Lincoln's Baseball Connections
We know that the Lincoln was a fan and player of the game. A little bit of research can attest to that. In fact, Albert Spalding's book "America's National Game" contains this snippet accompanied by a drawing of Lincoln holding a bat and ball:
"In fact, it is recorded that in the year 1860, when the Committee of the Chicago Convention which nominated Abraham Lincoln for the Presidency visited his home at Springfield, Illinois, to notify him formally of the event, the messenger found him engaged in a game of Base Ball. Information of the arrival of the party was imparted to Mr. Lincoln on the ball field. 'Tell the gentlemen', he said, 'that I am glad to know of their coming; but they'll have to wait a few minutes until I get my next turn at bat.' As monumental as a bid to be the United States' sixteenth president may have been, Lincoln was too engrossed in his ball game to forego his turn at the plate."
Granted, there are differing versions of this around.

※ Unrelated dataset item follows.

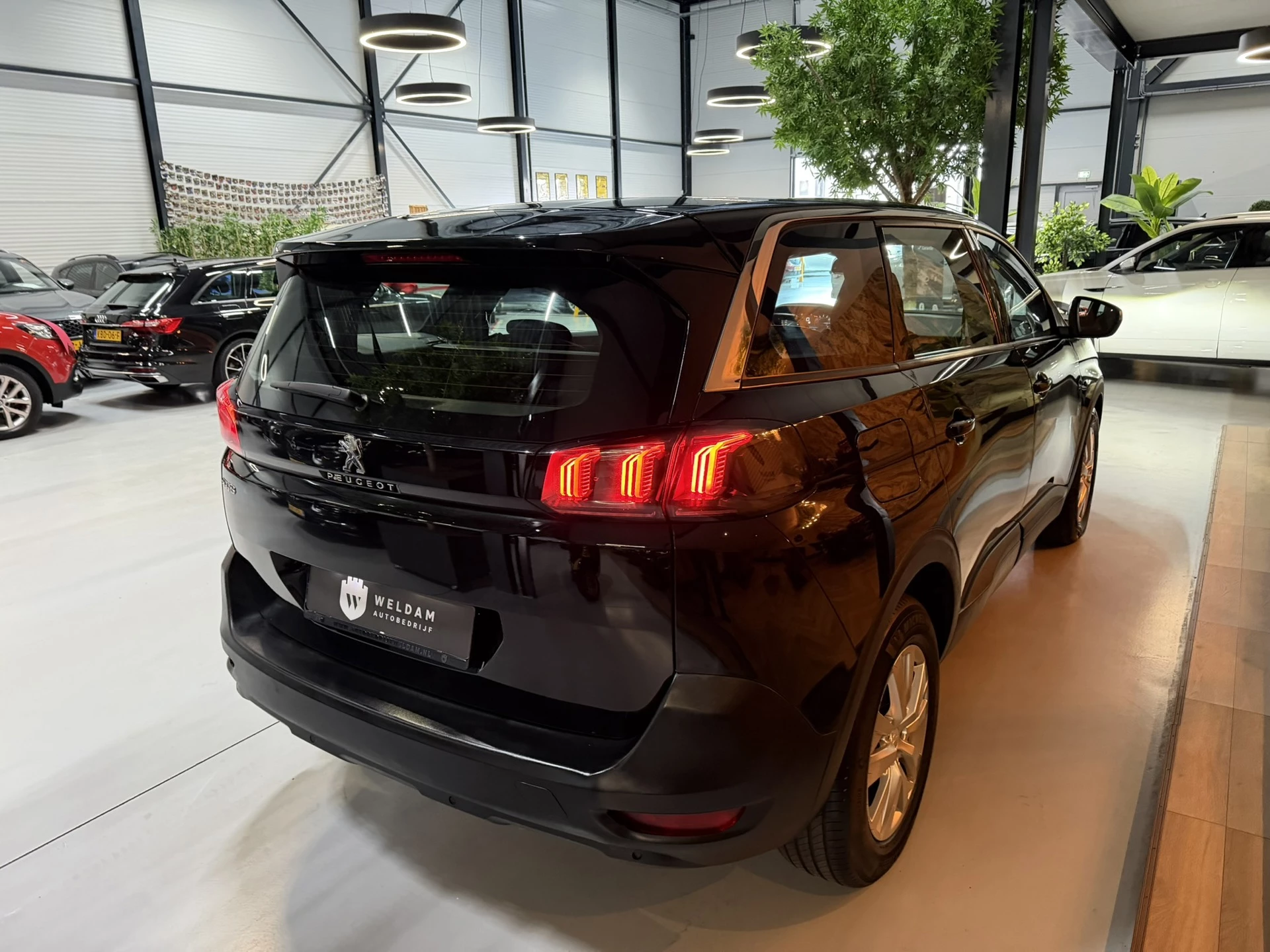 Hoofdafbeelding Peugeot 5008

However, it does appear to be an "improved" version of a contemporary newspaper
story that appeared in several newspapers, including the San Francisco Daily Evening Bulletin June 16, 1860:
"How Lincoln Received the Nomination
When the news of Lincoln's nomination reached Springfield, his friends were greatly excited, and hastened to inform "Old Abe" of it. He could not be found at his office or at home, but after some minutes the messenger discovered him out in a field with a parcel of boys, having a pleasant game of town-ball.
"All his comrades immediately threw up their hats and commenced to hurrah. Abe grinned considerably, scratched his head and said "Go on
boys; don't let such nonsense spoil a good game." The boys did go on with their bawling, but not with the game of ball."

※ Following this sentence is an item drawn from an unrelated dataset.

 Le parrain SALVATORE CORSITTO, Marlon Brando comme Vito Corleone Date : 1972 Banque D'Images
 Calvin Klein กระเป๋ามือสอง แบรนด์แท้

This varies from Spalding's version in various minor details, but interestingly, they differ with what game it was that Lincoln was playing: base ball (the New York rules game, or town ball (earlier version of the baseball family).
There are other reference to Lincoln and baseball. In particular is this from William Herndon, Lincoln's law partner, who wrote biography about his friend. A Springfield bootmaker recalled this from the late 1830's or early 1840's to Mr. Herndon:
"Lincoln played townball...could catch a ball." And this account by Frank P. Blair from a 1900 biography. Blair's grandfather owned an estate seven miles north of Washington. He recalled from when he was seven or eight years old that Lincoln would come to visit quite frequently: "We boys, for hours at a time, played 'town ball' on the vast lawn, and Mr. Lincoln would join ardently in the sport. I remember vividly how he ran with the children; how long were his strides, and how far his coat-tails stuck out behind, and how we tried to hit him with the ball, as he ran the bases. He entered into the spirit of the play as completely as any of us, and we invariably hailed his coming with delight."

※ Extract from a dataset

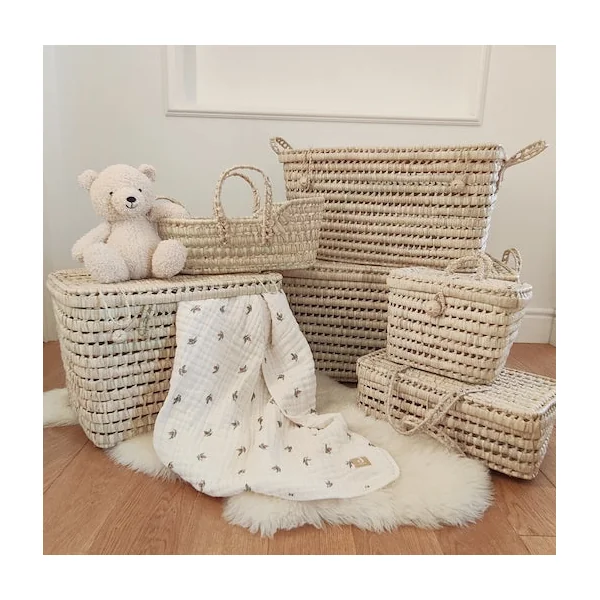 Petit panier rangement en feuilles de palmier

Conclusions About The Card
It's undeniable that Lincoln had a connection to "Base Ball" or "Town Ball." However, it is doubtful that the card depicts Lincoln. Historians and researchers of both Lincoln and Baseball, with the time and resources available to them, would have documented this long ago it would seem. Does it really matter though? If you have one of these, it's certainly a great conversation starter to share with your friends!